Mode de consommation : Cap sur le made in DZ

L’Algérien devrait-il revoir son mode de consommation ? Plus d’un s’accordent à dire que la consommation devient de plus en plus insoutenable compte tenu du comportement du consommateur, d’un côté, mais aussi et surtout de la situation économique et financière du pays.

Si on ne se limite qu’à l’alimentation des Algériens, sa structure globale est basée essentiellement sur les produits importés tels le lait et les céréales. Selon les experts, 80% des produits consommés sont issus de l’importation. Avec l’épuisement des réserves de change du pays, qui oscillent aujourd’hui entre 42 et 43 milliards de dollars, selon les derniers chiffres annoncés par le président de la République lors de son entretien avec les représentants des médias, au début du mois de mars dernier, les pouvoirs publics ont mis une batterie de mesures de restriction en vue de limiter les importations. L’Algérien devra s’adapter à cette situation et réorienter son mode de consommation vers des produits fabriqués localement en vue de contribuer à la baisse de la facture de l’importation. Encore faut-il que la production locale soit au rendez-vous et avec les qualités souhaitées.
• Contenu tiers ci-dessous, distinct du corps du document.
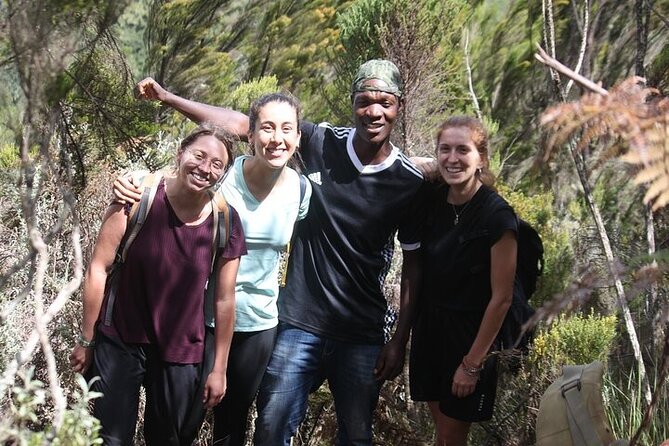 7 Days Lemosho Route Kilimanjaro Climbing | Solely Tours - Day 6 Midnight to Stella Point to Uhuru Peak: The Grind You Train For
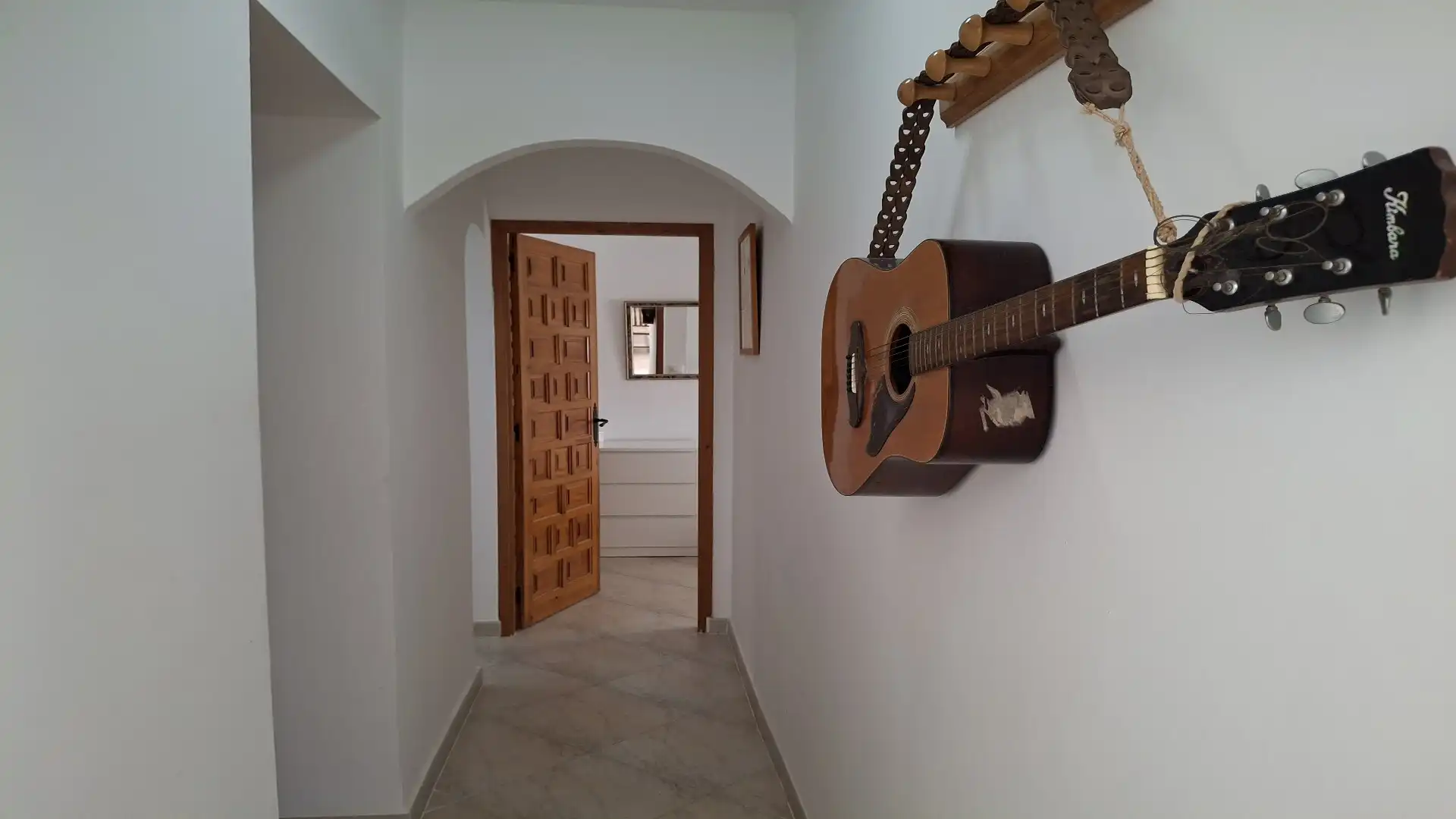 Haus zum Verkauf in Benissa pueblo, imagen 6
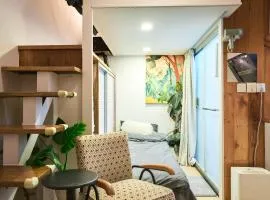sweet home close Jiangsu Road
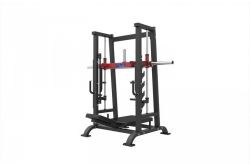 Тренажер Линейный жим для ног ULTRAGYM UG-XM 650 Тренажер Линейный жим для ног ULTRAGYM UG-XM 650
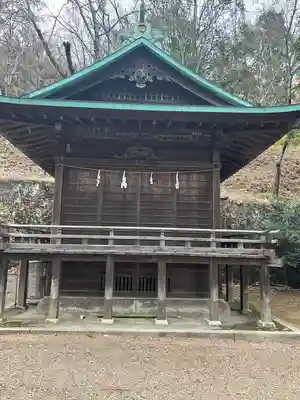 西宮神社のその他建物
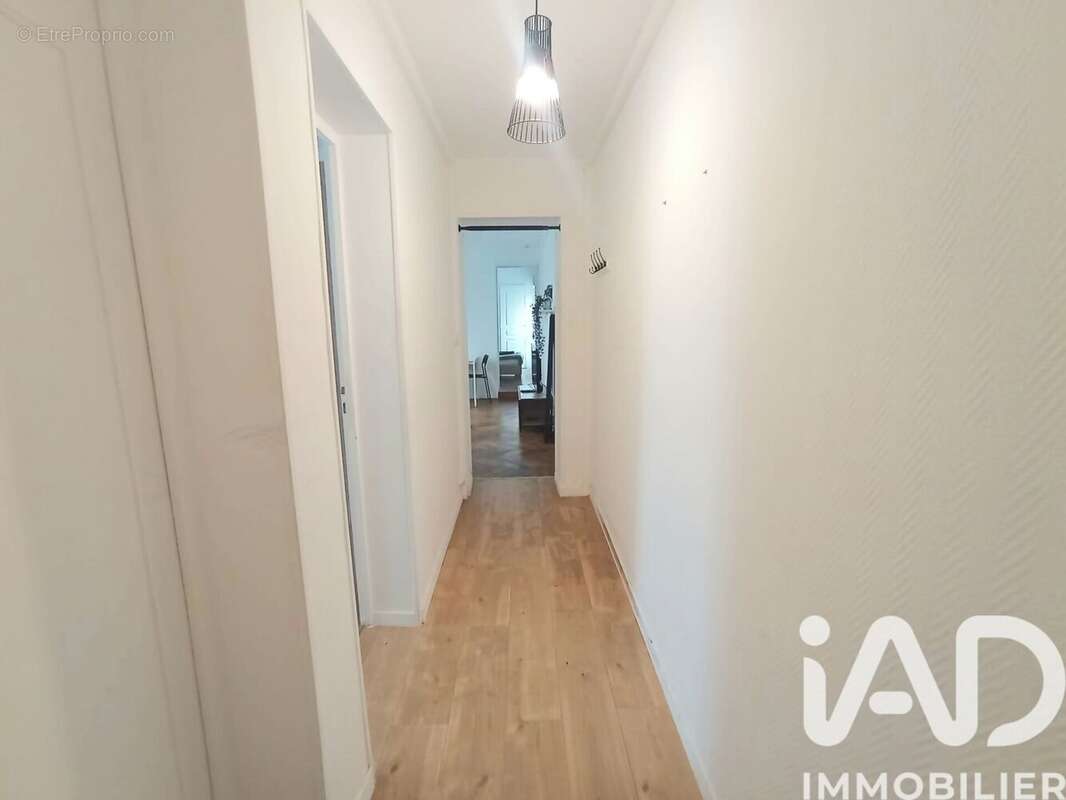 Photo 8 - Appartement à LE HAVRE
L’Algérien mange peu de légumes
Avec cette relation cyclique entre la consommation et la production, l’effort devra être conjugué entre pouvoirs publics, consommateurs et producteurs. Selon l’expert en économie, Mohamed Achir, l’Algérien mange peu de légumes. Alors que le secteur de l’agriculture connaît des courbes de croissance de production importantes et génère de la valeur ajoutée. Selon cet expert, il va falloir tirer profit de cette abondance en produits agricoles en l’intégrant beaucoup plus dans nos plats. C’est là encore où le rôle régalien de l’Etat s’avère impératif dans le cadre de la régulation du marché et la lutte contre les pratiques spéculatives. Une cohérence entre l’indice des prix et les seuils de production devra être installée. Dans la mesure où il y a une abondance, pour quelle raison cette tendance haussière des prix persévère ? La règle économique relative à l’offre et la demande ne trouve plus son sens. Avec l’approche du mois de Ramadhan, le marché s’enflamme de nouveau. Une pratique devenue une tradition lors de ce mois sacré censé être le mois de clémence et non pas de spéculation. Les prix des produits de première nécessité ; tels huile et le sucre ont déjà connu une augmentation. Le ministère du Commerce lance un grand chantier pour la moralisation de l’activité commerciale pour éradiquer les comportements négatifs constatés à grande échelle. L’expert spécialiste dans le commerce Brahim Guendouzi estime que «le manque d’organisation dans les circuits de distribution et l’intervention d’une multitude d’intermédiaires disposant de moyens financiers certes, mais manquant d’aptitudes à exercer les actes de vente et d’achat, font que la fonction d’offre sur le marché soit complètement biaisée. Il faut ajouter à cela l’absence ou la faiblesse de structures organisées capables de rendre la distribution des produits auprès des consommateurs la plus transparente possible afin de donner au prix sa véritable signification».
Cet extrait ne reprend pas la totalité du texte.